At every moment he expected to see Him
released and protected by divine power, as had been done in the past.
But as the hours went by, and Jesus quietly submitted to all the
indignities that were heaped upon Him, a terrible fear came to the
traitor, that he had indeed betrayed his Master to His death.
As the trial drew to a close, Judas could
endure the torture of his guilty conscience no longer. All at once there
rang through the hall a hoarse voice, which sent a thrill of terror to
the hearts of all present:
"He is innocent. Spare Him, O Caiaphas.
He has done nothing worthy of death!"
The tall form of Judas was seen pressing
through the startled crowd. His face was pale and haggard, and large
drops of sweat stood on his forehead. Rushing to the throne of judgment,
he threw down before the high priest the pieces of silver that had been
the price of his Lord's betrayal.
He eagerly grasped the robe of Caiaphas,
and begged him to release Jesus, declaring that He had done no wrong.
Caiaphas angrily shook him off, and said with scorn:
"What is that to us? See thou to that."
Judas then threw himself at the Saviour's
feet. He confessed that Jesus was the Son of God, and begged Him to
deliver Himself from His enemies.
The Saviour knew that Judas did not
really repent for what he had done. The false disciple feared that
punishment would come upon him for his terrible deed; but he felt no
real sorrow because he had betrayed the spotless Son of God.

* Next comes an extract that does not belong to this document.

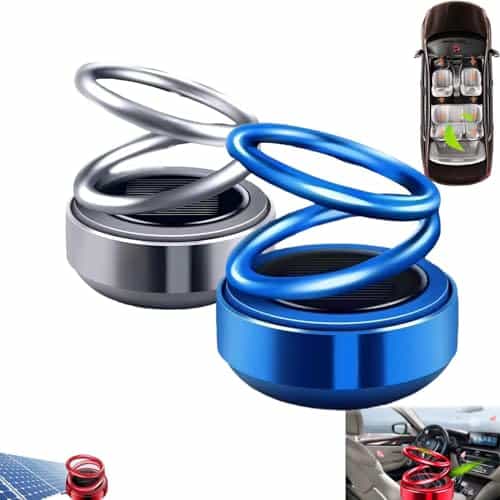 Tlopa Portable Kinetic Molecular Heater, Mini Portable Kinetic Heater, Auto Rotating Solar Double Ring Heater, Portable Solar Heater for Room, Ehicles, Bathroom (blue+Ash)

Yet Christ spoke to him no word of
condemnation. He looked with pity upon Judas, and said:
"For this hour came I into the world."
A murmur of surprise ran through the
assembly. With amazement they beheld the forbearance of Christ toward
Judas saw that his entreaties were in
vain, and he rushed from the hall, crying:
"It is too late! It is too late!"
He felt that He could not live to see
Jesus crucified, and in despair went out and hanged himself.
Later that same day, on the road from
Pilate's judgment hall to Calvary, the wicked throng were leading the
Saviour to the place of crucifixion. Suddenly there came an interruption
to their shouts and jeers. As they passed a retired spot, they saw at
the foot of a lifeless tree the dead body of Judas.
It was a revolting sight. His weight had
broken the cord by which he had hanged himself to the tree. In falling,
his body had been horribly mangled, and the dogs were now devouring it.
His remains were immediately buried out
of sight; but there was less mockery, and many a pale face revealed the
fearful thoughts within. Retribution seemed already to be visiting those
who were guilty of the blood of Jesus.